Ciblant uniquement les foyers détenant plus de 100 millions d’euros de patrimoine, la taxe Zucman entend imposer un minimum de 2 % sur la fortune globale des ultra-riches. Adoptée par l’Assemblée nationale le 20 février 2025 puis rejetée par le Sénat le 12 juin, elle ne s’applique pas en France. Mais son principe continue de structurer le débat fiscal, entre espoir de justice et crainte d’exil des capitaux.

La fiscalité française n’en finit pas de soulever des controverses. Depuis la suppression de l’impôt de solidarité sur la fortune (ISF) en 2018, remplacé par l’impôt sur la fortune immobilière (IFI), la question du traitement fiscal des plus grandes fortunes n’a cessé de revenir dans l’arène politique.

C’est dans ce contexte qu’est apparue l’idée de la taxe Zucman, du nom de l’économiste français Gabriel Zucman, spécialiste de la fiscalité internationale et des inégalités. Son projet est simple à énoncer, mais ambitieux dans ses effets : instaurer un impôt plancher garantissant que les ménages possédant plus de 100 millions d’euros contribuent chaque année au minimum à hauteur de 2 % de leur patrimoine global, quel que soit leur niveau d’imposition effective via les prélèvements déjà existants.

Concrètement, le mécanisme fonctionne de manière additive. Les foyers concernés additionneraient l’ensemble de leurs impôts directs : impôt sur le revenu, impôt sur la fortune immobilière, contributions sociales, et autres prélèvements. Si le total atteint ou dépasse 2 % de leur fortune, aucune taxe supplémentaire ne serait due. Mais si le montant est inférieur, l’administration fiscale demanderait un versement complémentaire afin d’atteindre ce seuil minimal. Dans l’esprit de Zucman, il s’agit de garantir que les centimillionnaires, souvent qualifiés d’ultra-riches, paient proportionnellement au moins autant que les catégories sociales situées en dessous d’eux.

La définition de ce seuil n’est pas anodine. En fixant la barre à 100 millions d’euros, la taxe ne toucherait qu’un cercle infime de contribuables, évalué à environ 1 800 foyers fiscaux en France, ou jusqu’à 3 800 selon d’autres estimations. Autrement dit, 0,01 % de la population, soit la fraction la plus fortunée du pays. À titre de comparaison, l’IFI concerne encore près de 186 000 ménages. La mesure se veut ainsi ultra-ciblée, tout en frappant là où se concentre l’essentiel de la richesse.

L’assiette élargie

La principale innovation de la taxe Zucman réside dans l’assiette. Contrairement à l’IFI, qui se limite au patrimoine immobilier, ou à l’ancien ISF, qui excluait largement l’outil professionnel, ce nouvel impôt inclurait l’ensemble des actifs détenus par les ménages concernés. Autrement dit, les biens professionnels (actions, parts de sociétés, titres financiers) seraient pris en compte. Or, chez les milliardaires et centimillionnaires, ces biens représentent environ 90 % de la fortune totale.

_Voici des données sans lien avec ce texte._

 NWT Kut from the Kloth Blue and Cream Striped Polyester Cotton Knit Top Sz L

L’histoire fiscale française avait jusqu’ici exclu ces actifs pour ne pas « taxer l’outil de production ». Mais cette règle a eu pour effet d’exonérer l’essentiel de la richesse accumulée par les plus grandes fortunes, issue pour l’essentiel de la détention d’entreprises. En réintégrant ces biens dans l’assiette, la taxe Zucman réactive un débat ancien : faut-il considérer que posséder une part substantielle d’une société équivaut à détenir un patrimoine imposable, même si celui-ci ne génère pas de revenus personnels immédiats ?

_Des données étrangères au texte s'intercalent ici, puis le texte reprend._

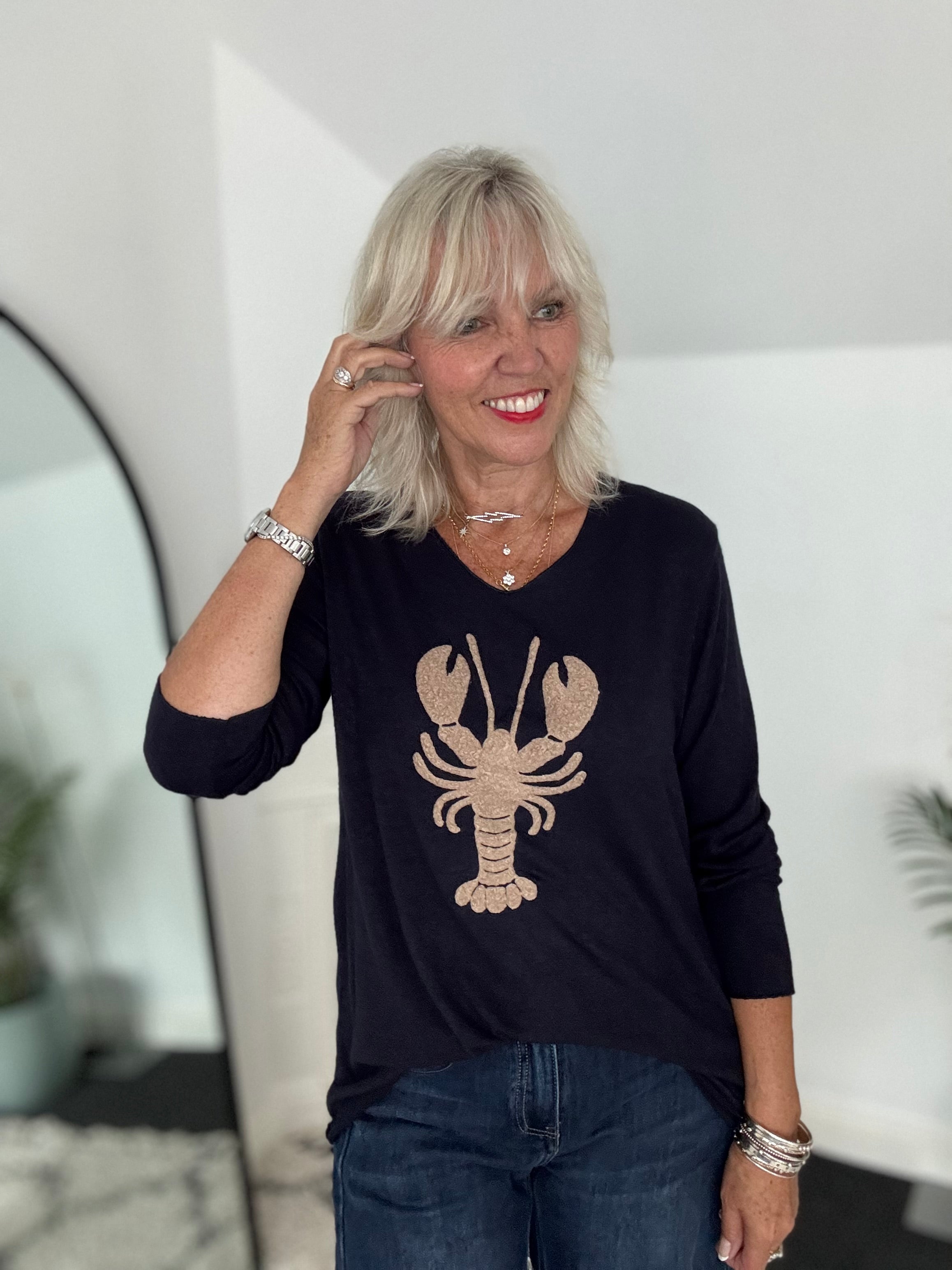 Soft V Neck Lobster Knit in Ink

Cette différence explique la virulence des critiques émises par une partie du patronat et des entrepreneurs. Pour les fondateurs de sociétés valorisées à des milliards d’euros, mais encore déficitaires, l’idée de devoir acquitter chaque année 2 % de cette valeur, sans disposer des revenus correspondants, apparaît comme une contrainte insoutenable. L’exemple de Mistral AI, jeune entreprise française spécialisée dans l’intelligence artificielle et estimée à 12 milliards d’euros, illustre cette difficulté. Ses dirigeants, majoritaires au capital, pourraient se voir réclamer près de 47 millions d’euros chacun au titre de la taxe, alors même que leur société n’a pas encore dégagé de bénéfices.

Le constat d’une régressivité fiscale

Si cette réforme a vu le jour, c’est d’abord parce que les études récentes pointent un paradoxe. Plus on s’élève dans la hiérarchie des patrimoines, moins la contribution effective, en pourcentage des revenus ou de la fortune, est importante. Selon l’Institut des politiques publiques, les 0,1 % des foyers les plus riches s’acquittent en moyenne de 46 % de leurs revenus en impôts et prélèvements divers. Mais les 0,0002 % les plus fortunés, c’est-à-dire les milliardaires, ne verseraient qu’environ 26,2 %.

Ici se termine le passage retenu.